Her heart pounded so hard inside her chest she could hear it loud and clear in her ears when the woman gave her the first gentle physical contact she had known in years, before she even knew of her prison’s existence. Both her hands enveloped her own and made the girl feel an illusion of the warmth she had thought long lost.
“I wish I could do more. But you would hate that, wouldn’t you? You need to do this on your own.” If the girl’s voice had worked, she might have tried to disagree. The woman’s smile turned sad and bitter for a second, before it cleared when she took a deep breath as she closed her eyes. She walked to the door before turning back once again, as if she couldn’t stop herself. “I wish you the best of luck, little Aemilia.”
And she walked away and left the girl alone.

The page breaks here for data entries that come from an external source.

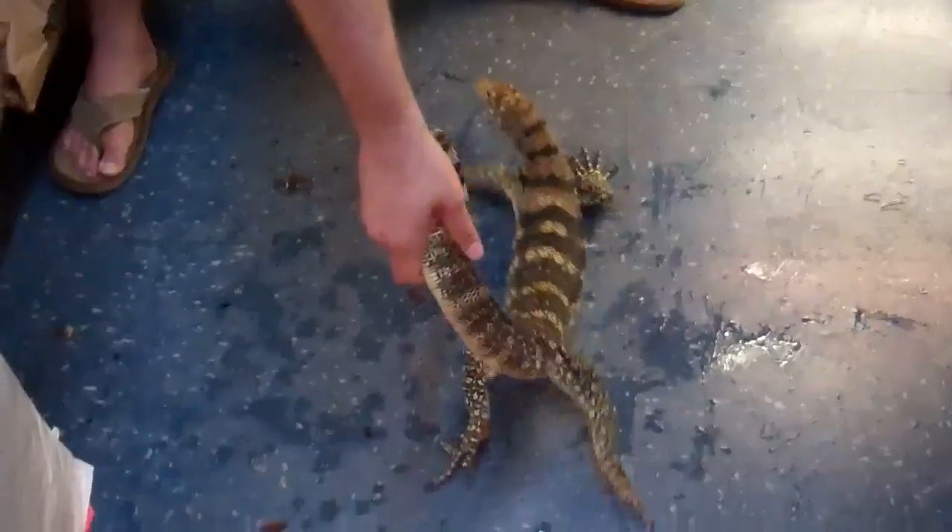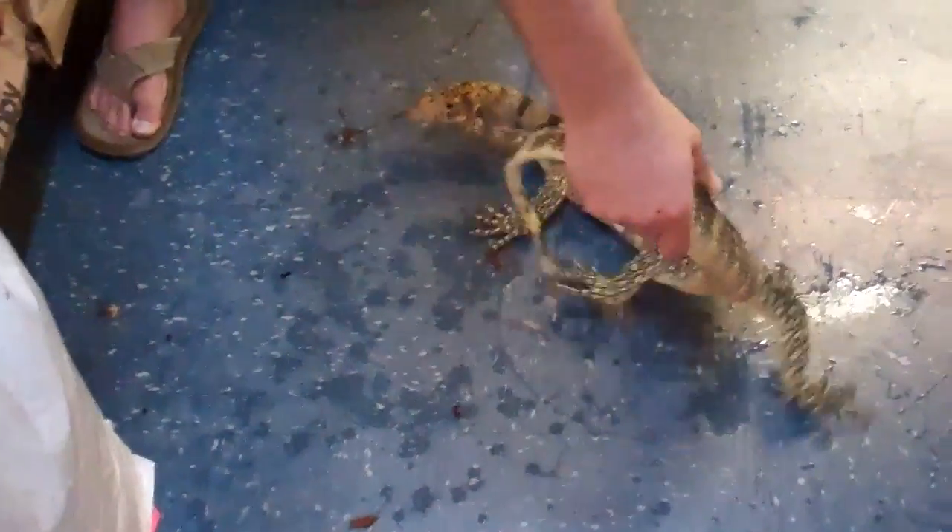At Underground Reptiles, we're offering a beautiful, about three and a half foot sulfur monitor — a beautiful water monitor, eating, doing well, fat and healthy. You can see it's got a nice highlighted yellow on it.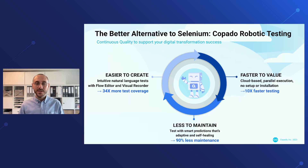How does Kobado Robotic Testing solve those challenges? First of all, we are completely cloud-based so you will experience super fast time to value. Basically you can get going within minutes. There is no setup or installation requirement on your end.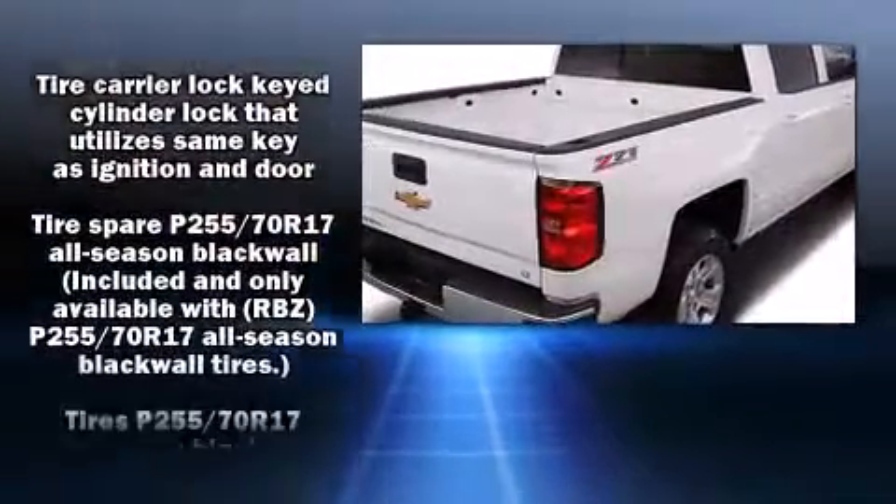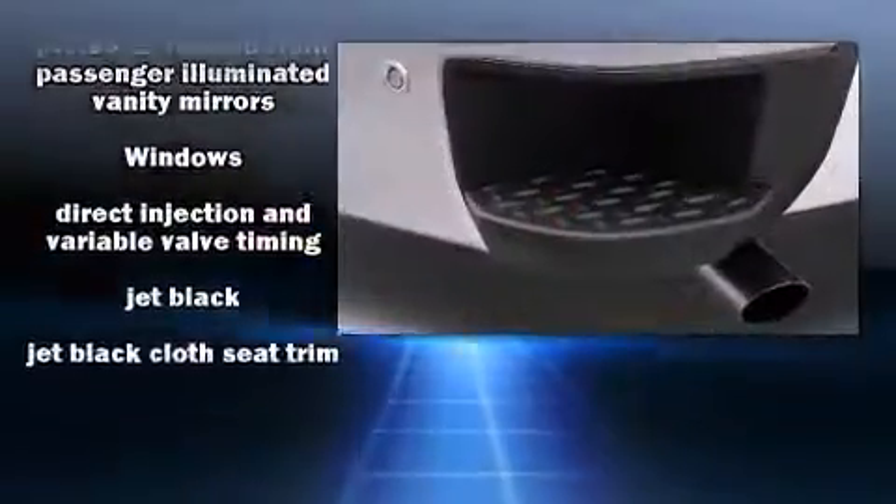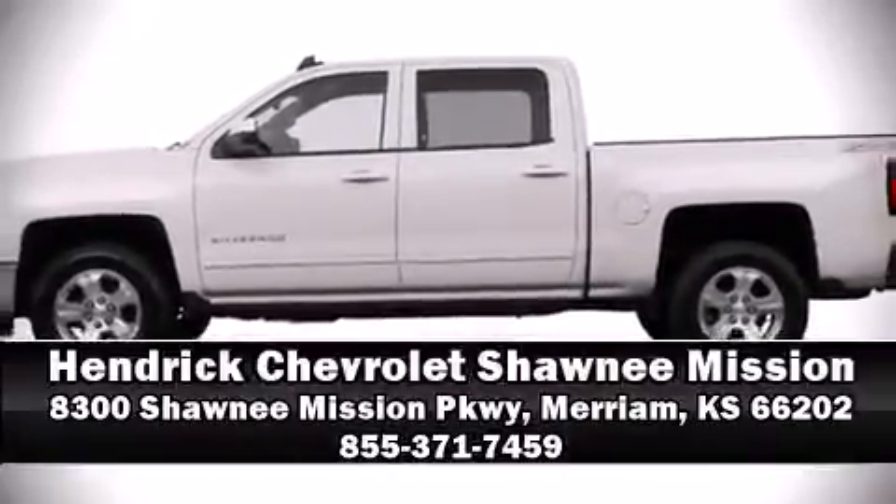Our knowledgeable sales staff is available to answer any questions that you might have. Stop by our dealership or give us a call for more information.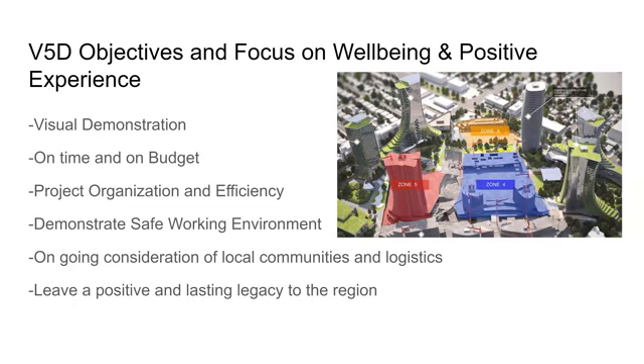They're big on demonstrating safe working conditions, and when they have personnel walking around job sites, everything has to do with safety. They give ongoing consideration to local communities and logistics, as shown in all of their software presentations, and their goal at the end of every project is to leave a positive and lasting legacy to the region.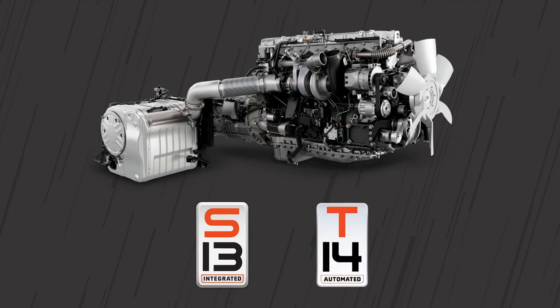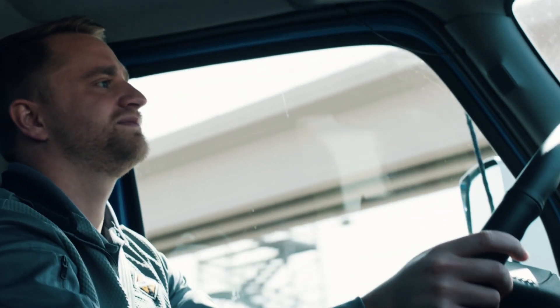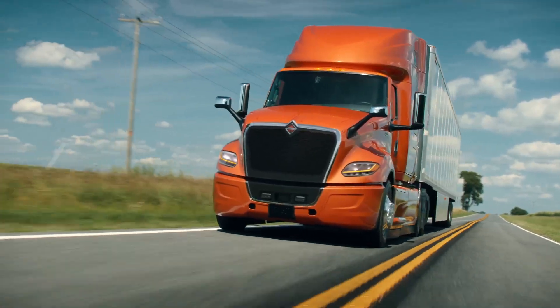The all-new S13 integrated powertrain from International Truck offers some unique features aimed at putting the driver in total control and enhancing their driving experience. Today we'll be talking about EcoCoast.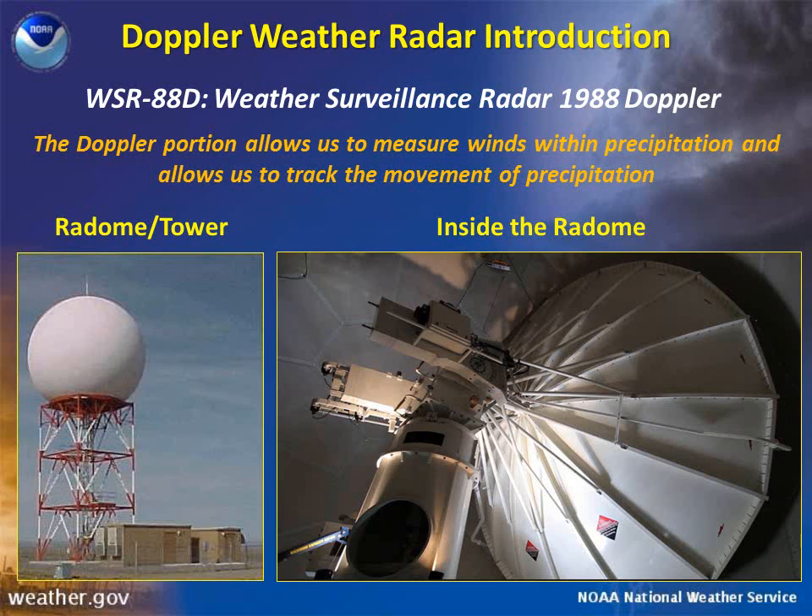The radar that the National Weather Service uses is called the WSR-88D Doppler radar. WSR stands for Weather Surveillance Radar, while the 88 stands for the year it was introduced, 1988. The fact that it is a Doppler radar means we can use it to measure winds within precipitation and track the movement of precipitation.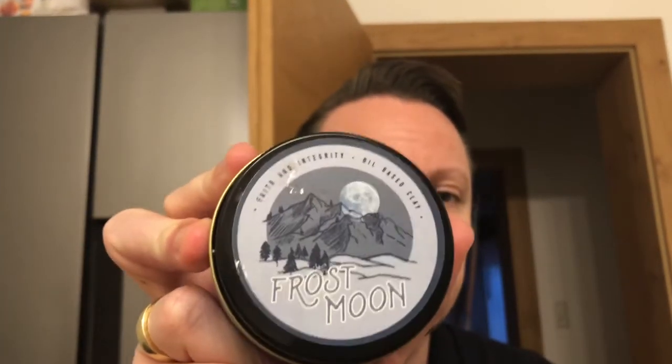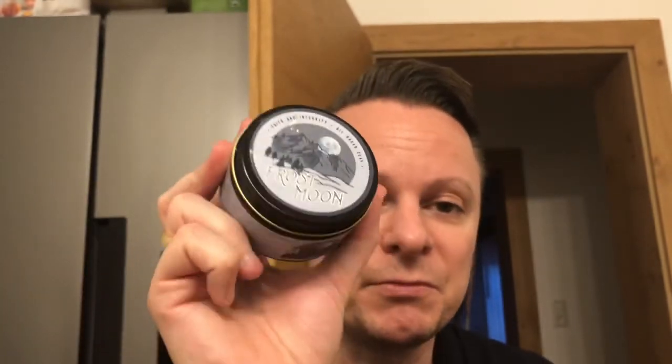I don't know why Faith and Integrity has a problem describing its own products — perhaps they don't use other pomades for comparison, or they lack the European market perspective. Unfortunately, the descriptions are not true. That said, it is a very good and solid product, and the wrong description doesn't alter its really high quality.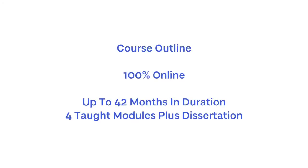This is a 100% online course taken over a duration of up to 42 months. It comprises four taught modules and a dissertation.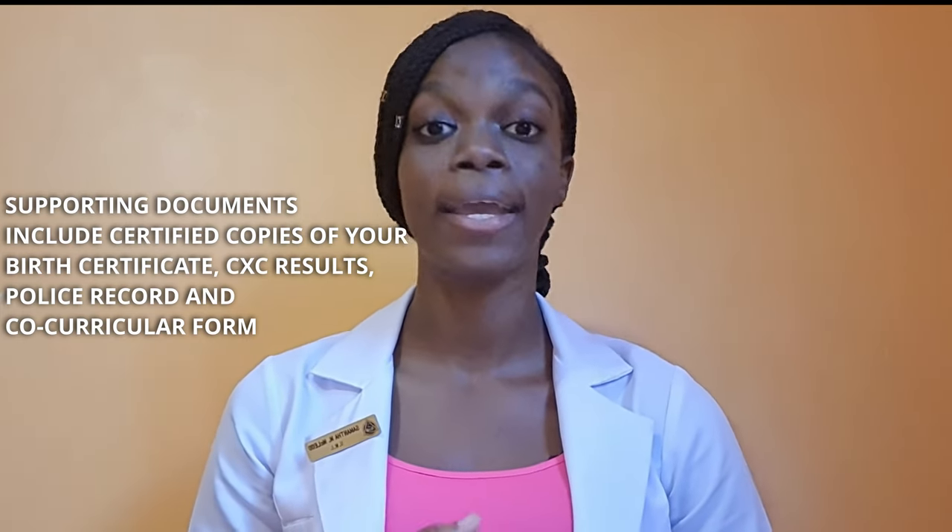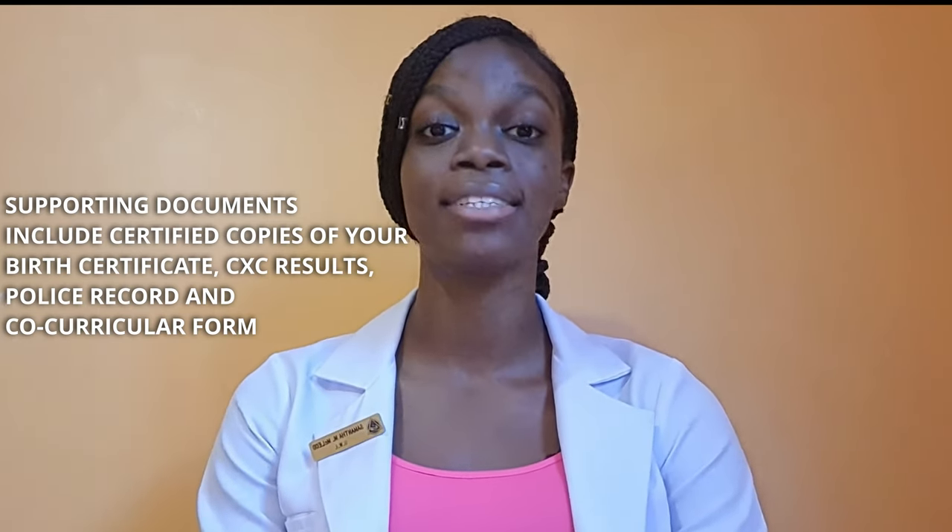My interview was conducted via Skype, and this was due to the COVID-19 pandemic. If you were successful in your interview, an official acceptance letter will be sent to your email, and of course this varies with how fast you have completed your application. The documents I had to submit were my birth certificate, my police record, my CAPE and CSEC results, as well as my extracurricular activities forms, and all of this had to be verified and signed by a JP.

Someone else might try to come with a logical explanation. They would been sure the woman had got it wrong, that she had helped the wrong prisoner. But despite never hearing those syllables before, she knew. She felt them as her own, and she knew she was Aemilia.
Or, well. Maybe not quite yet. But she would be.
And I just decided to add a shorter one, this one about Eva's childhood, that shows a little bit of the fae worldbuilding of the 'verse.
The first decade or so in the life of a forest fae was a most confusing time for such an unformed creature. Since the moment they surged from the soil as a blank canvas, fed by the magic the clan’s very presence instilled on the ground, they absorbed energy just as well as they soaked up information about the world at rapid speed. That magic pulsated under their coarse skins, an iridescent glow accompanying the musicality of their laughter that shone with every chime of their bell-like voices.
Sooner or later it overwhelmed their little bodies, and that’s when the transformation began. A chrysalis enveloped them, hardening and protecting them until they were ready to emerge in their true forms, beautifully shaped by their own will and power, so that they could celebrate their Naming ceremony.
Eva’s unfolding had been a memorable occasion for her clan. At twelve springs, she was a bit of a late bloomer in this like she was in every other aspect. The fae she grew with were almost as excited to see their little caterpillar shed the skin of childhood away as she was. Stepping out of the cocoon, butterfly wings extended way past her arms, antlers sprouting proud from her mane, lynx claws retracted at the end of her extremities, her Name in the tip of her fox tongue, Eva had experience a singular instant of catharsis.
Not three months passed since the ceremony when the war erupted, soon reaching the deepest hideouts of their woods and forcing the survivors of their clan and their neighbours into exile.